> Activity: From the line containing "CX-30 20Sプロアクティブ" to the line containing "राहुल भगत यांचा" in the records below, set down every line exactly as it stands, both ends included, and skip the pictures.

> Data provided:
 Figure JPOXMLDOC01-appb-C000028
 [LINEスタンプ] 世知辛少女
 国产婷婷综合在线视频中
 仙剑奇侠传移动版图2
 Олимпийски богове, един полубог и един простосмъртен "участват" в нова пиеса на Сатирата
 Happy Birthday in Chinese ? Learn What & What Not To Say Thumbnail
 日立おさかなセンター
* * *
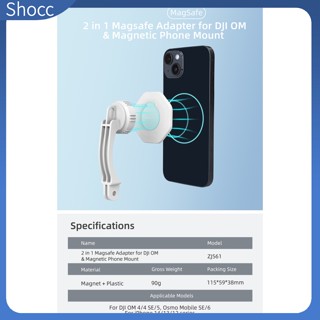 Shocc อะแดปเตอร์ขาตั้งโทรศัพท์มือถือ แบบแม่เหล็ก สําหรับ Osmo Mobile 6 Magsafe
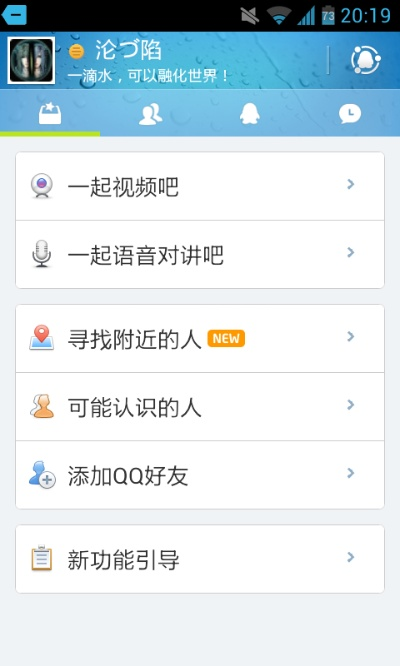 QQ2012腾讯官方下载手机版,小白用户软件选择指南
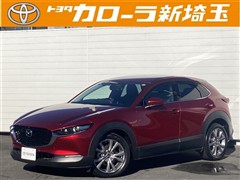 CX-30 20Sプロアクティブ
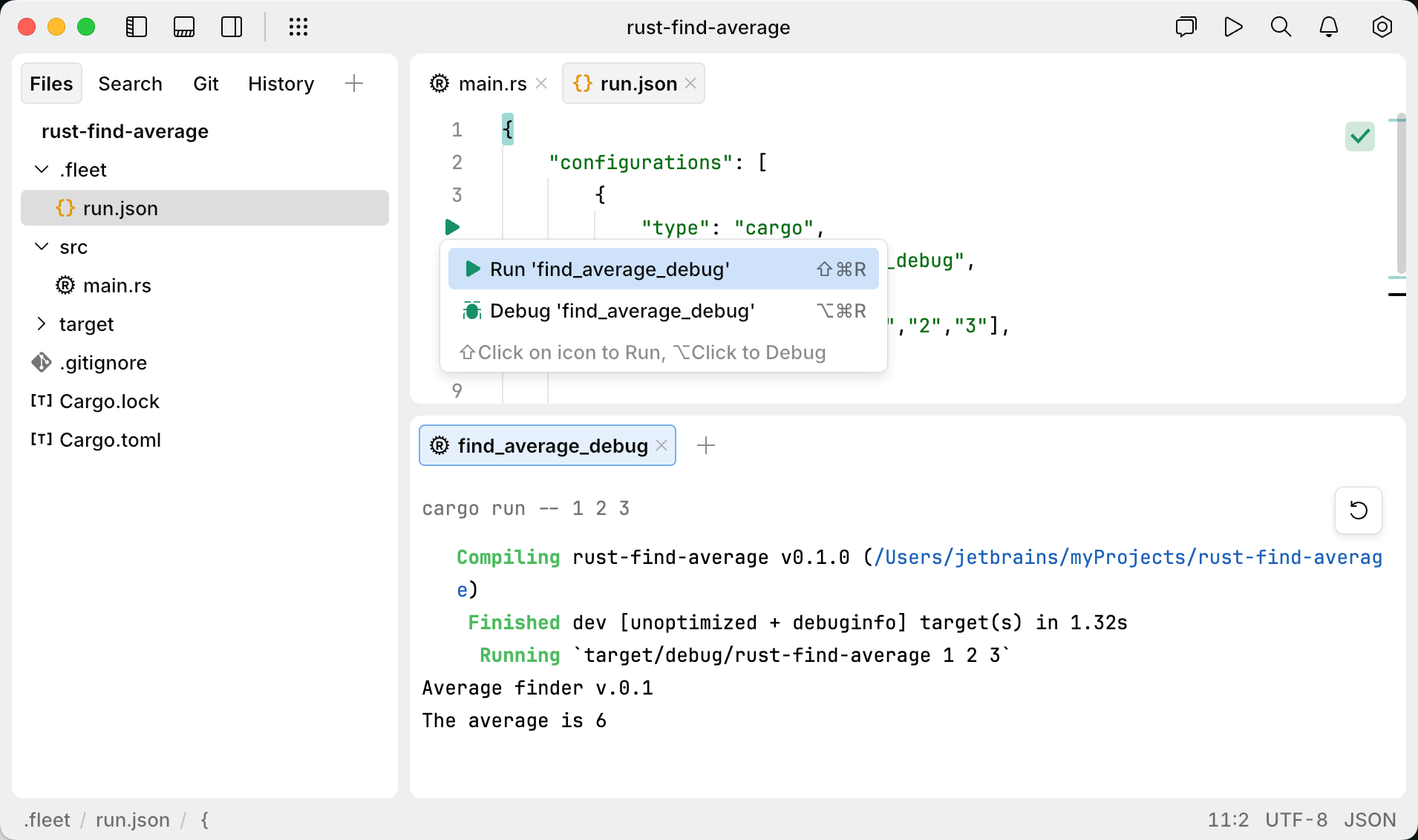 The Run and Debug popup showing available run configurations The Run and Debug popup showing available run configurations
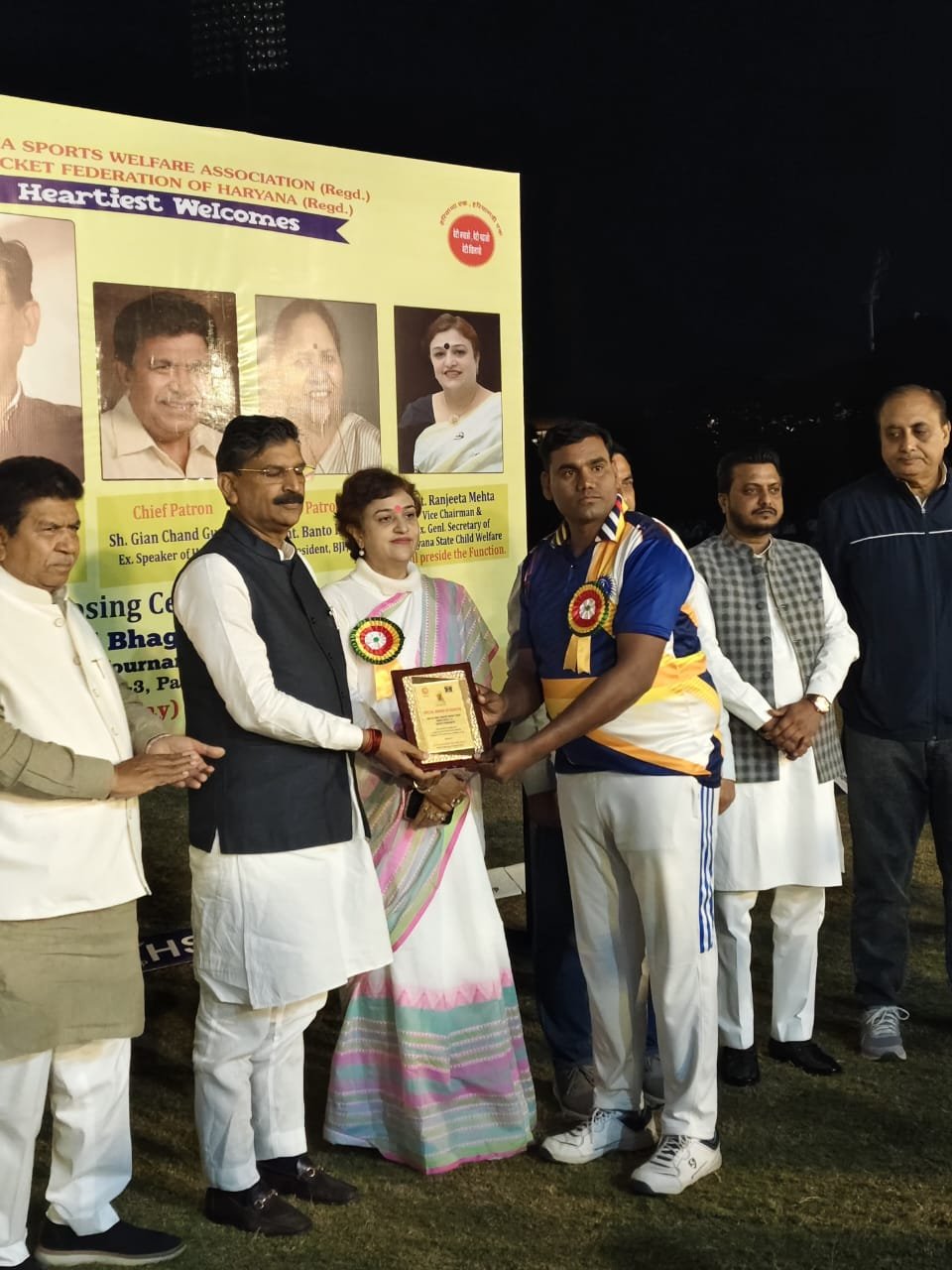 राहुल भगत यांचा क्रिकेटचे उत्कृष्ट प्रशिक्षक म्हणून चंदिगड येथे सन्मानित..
--
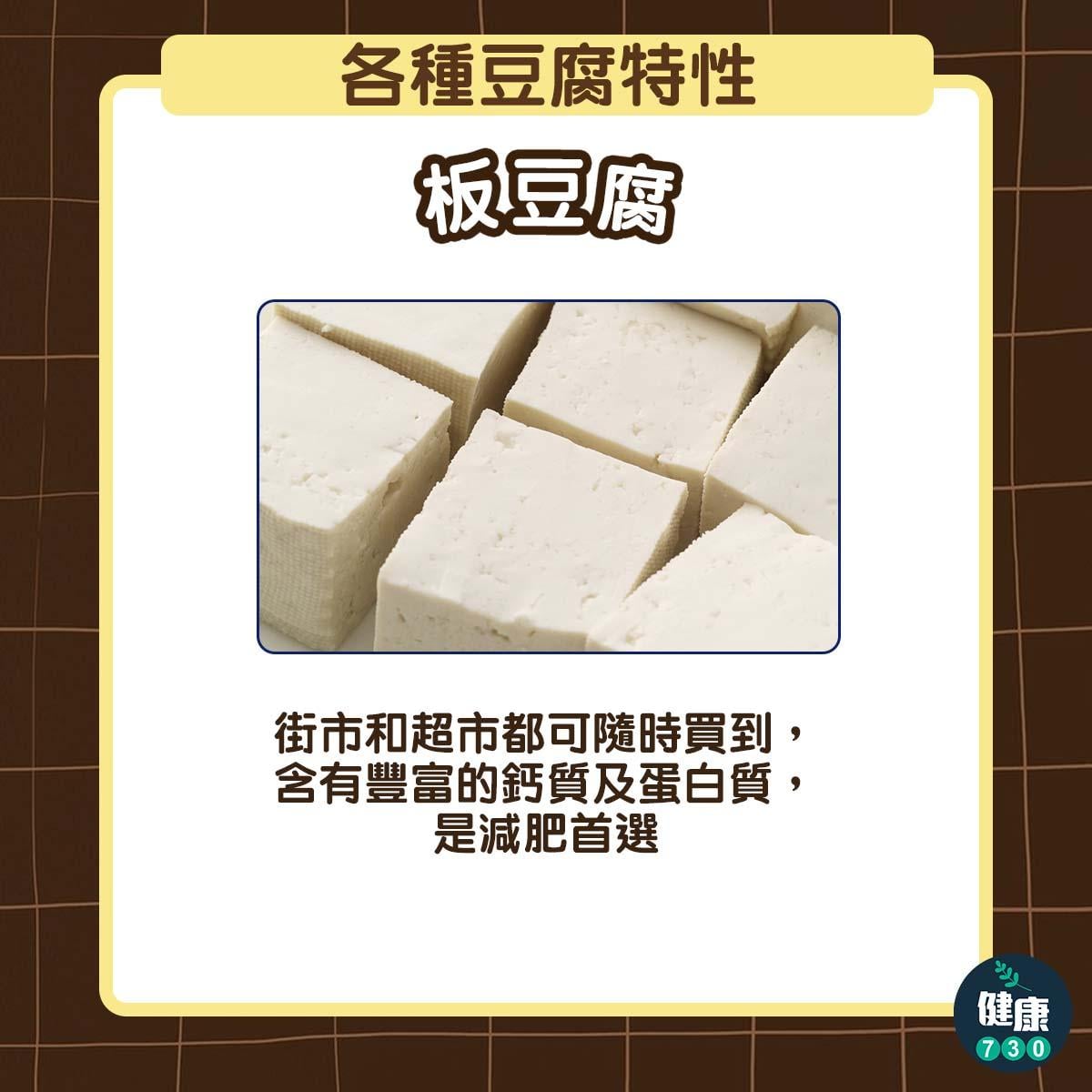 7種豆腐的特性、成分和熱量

> Written solution:
 CX-30 20Sプロアクティブ
 The Run and Debug popup showing available run configurations The Run and Debug popup showing available run configurations
 राहुल भगत यांचा क्रिकेटचे उत्कृष्ट प्रशिक्षक म्हणून चंदिगड येथे सन्मानित..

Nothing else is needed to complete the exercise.